Voltemos ao mundo de utopia real. Durante as aulas virtuais, eis que surge em minha telinha alienada este Lord árabe, com discurso próprio e com propriedade. O cara mandava muito bem. Começou a dissertar sobre o poder de fala dos subalternos e em meio a este turbilhão de emoções, e fui despertada para a indicação de uma leitura: “Pode o Subalterno Falar?”. Um livro bom, com uma pegada teórica boa, porém te ajuda na prática a lidar com esta sensação de mordaça que nos permeia e que nos deixa a sensação de “Cala a boca”. E aqui começa a minha sugestão de leitura.

“Por que não é feita com regularidade e seriedade uma imprensa LGBTQIA+?”

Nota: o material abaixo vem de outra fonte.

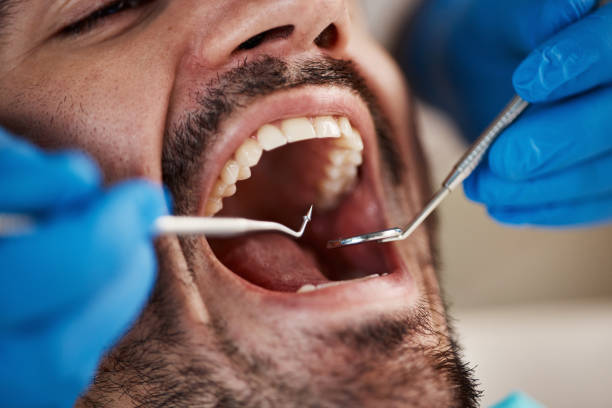 Best Emergency Gum Treatment in Kekoskee, WI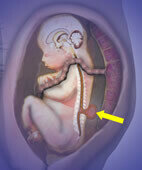 Spina bifida  (&#x84;offener Rücken&#x93;) beim Ungeborenen: Rückenmarksgewebe und Hirnhäute sind sackartig vorgewölbt (gelber Pfeil)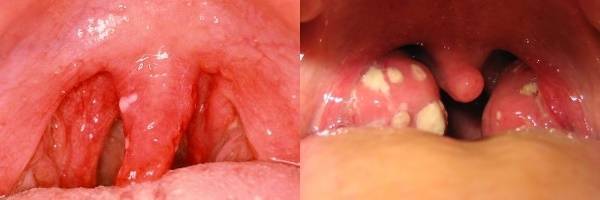 Болит горло слева глотать не больно | советы доктора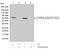 Ribosomal Protein S6 Kinase B1 antibody, 701083, Invitrogen Antibodies, Western Blot image 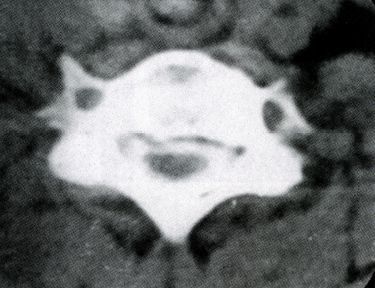 颈椎间盘突出的临床表现及影像诊断,非常详细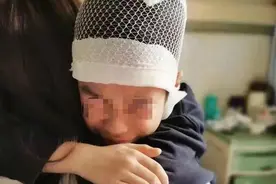 9岁小学生被老师揪头发致皮骨分离，涉事老师被刑拘图片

Lá pela metade da leitura, aparece uma frase assim: “Se, no contexto da produção colonial, o sujeito subalterno não tem história e não pode falar, o sujeito subalterno feminino está mais profundamente na obscuridade”.  E não é mesmo? É um livro, “provocador”,” Pode o subalterno Falar?”.  A teórica, feminista e professora de literatura e uma das mais influentes, e poucas, intelectuais existentes pós-coloniais, fala do sujeito “subalterno” e pincipalmente o subalterno, na figura feminina, especificamente na Índia. Aquele que não tem voz política, ou que, tem voz e esta não é ouvida. Mostra a importância dos intelectuais abrirem espaço de “fala” a estes sujeitos. Que sou eu, você e quem mais sentir ou sentiu esta sensação de “Cala a Boca”. A autora faz uma critica a Gilles Deleuze e Michel Foucault, em texto que os dois senhores filósofos conversam: “Os Intelectuais e o Poder”. Vale a pena também dar uma passada de olhos.

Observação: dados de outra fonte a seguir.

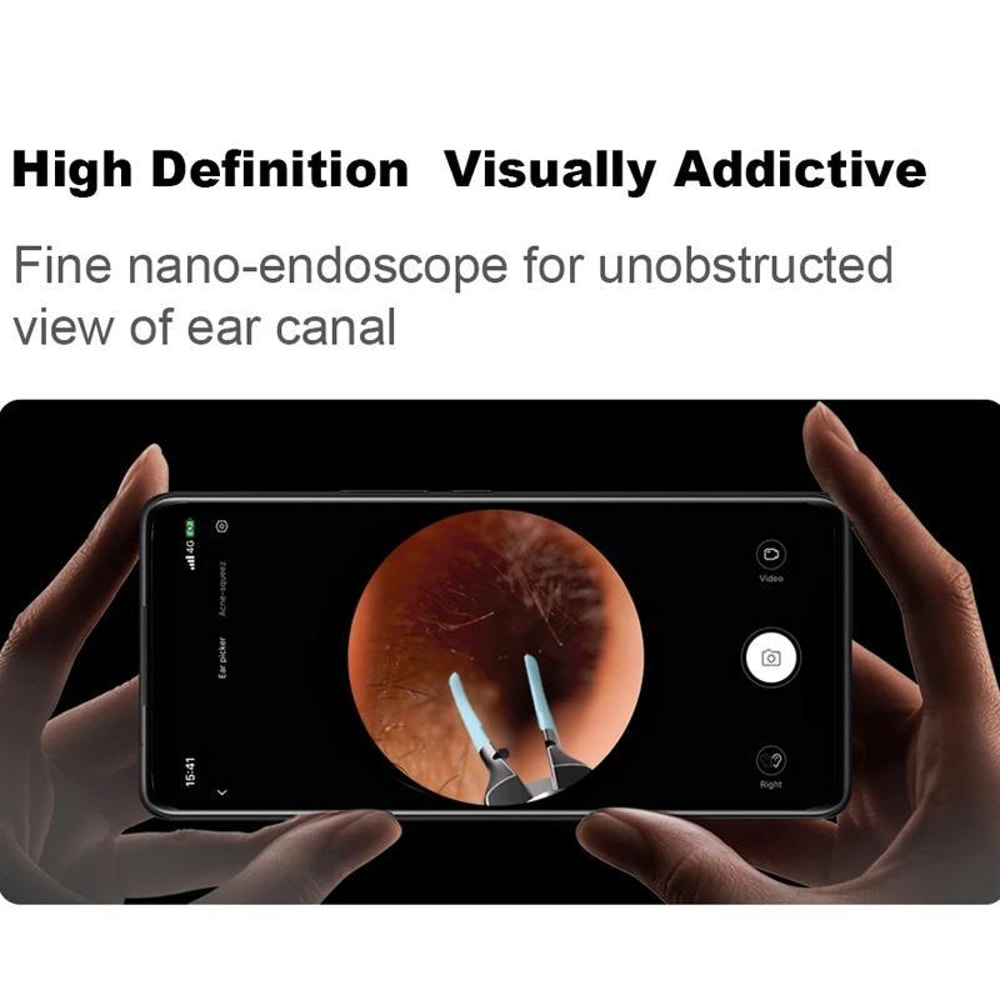 Smart Visual Ear Cleaner Camera Kit with Tweezers & Silicone Ear Wax Removal Tools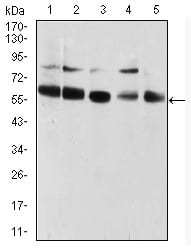 CBX2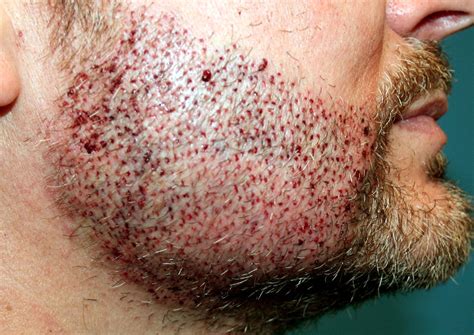 Some prospective candidates may seek care elsewhere for a higher fee believing they are getting a better product. How Can Beard Hair Transplant In Ludhiana Can Change The ...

A autora Indiana, Gayatri Chakravorty Spivak, crítica e aponta a condição “etnocêntrica” a intelectualidade ocidental quando se trata de sua relação com a projeção da alteridade que acontece sobre a falta de fala de espaço para se falar. Não a falta de voz propriamente dita, essa ainda tenho: “… que os intelectuais devem tentar revelar e conhecer o discurso do Outro da sociedade.” Diz a autora e eu gritava em silêncio: “É isso ai minha senhora”.

O “outro”, segundo a escritora, é inacessível para o intelectual ocidental, que, projeta o seu próprio etnocentrismo ao projetar a alteridade, criando situação política da substituição. Entre tantas coisa ela diz que devemos, “sim”, (este sim é meu), confrontar a seguinte questão: no outro lado da divisão internacional do trabalho do capital socializado, dentro e fora do circuito da violência epistêmica da lei e da educação imperialista, complementando um texto anterior, “Pode o subalterno falar?“. A revolta da escritora, (e a minha), é que os filósofos criticados, Deleuze e Foucault, transformam os subalternos em objetos. A capacidade de fala do subalterno é questionada pelo intelectual, que ignora a teoria ideológica freática a questão. Considerando que o livro enfoca o subalterno não como sujeito marginalizado, mas como proletário inserido no capitalismo global – “as camadas mais baixas da sociedade constituídas pelos modos específicos de exclusão dos mercados, da representação política e legal, e da possibilidade de se tornarem membros plenos no estrato social dominante”.  Como pleitear poder? Sua fala? Desejo ou qualquer interesse. Esses subalternos acabam sendo subestimados pelo intelectualismo que julga poder falar em nome do subalterno: “… o texto verbal é um sujeito”.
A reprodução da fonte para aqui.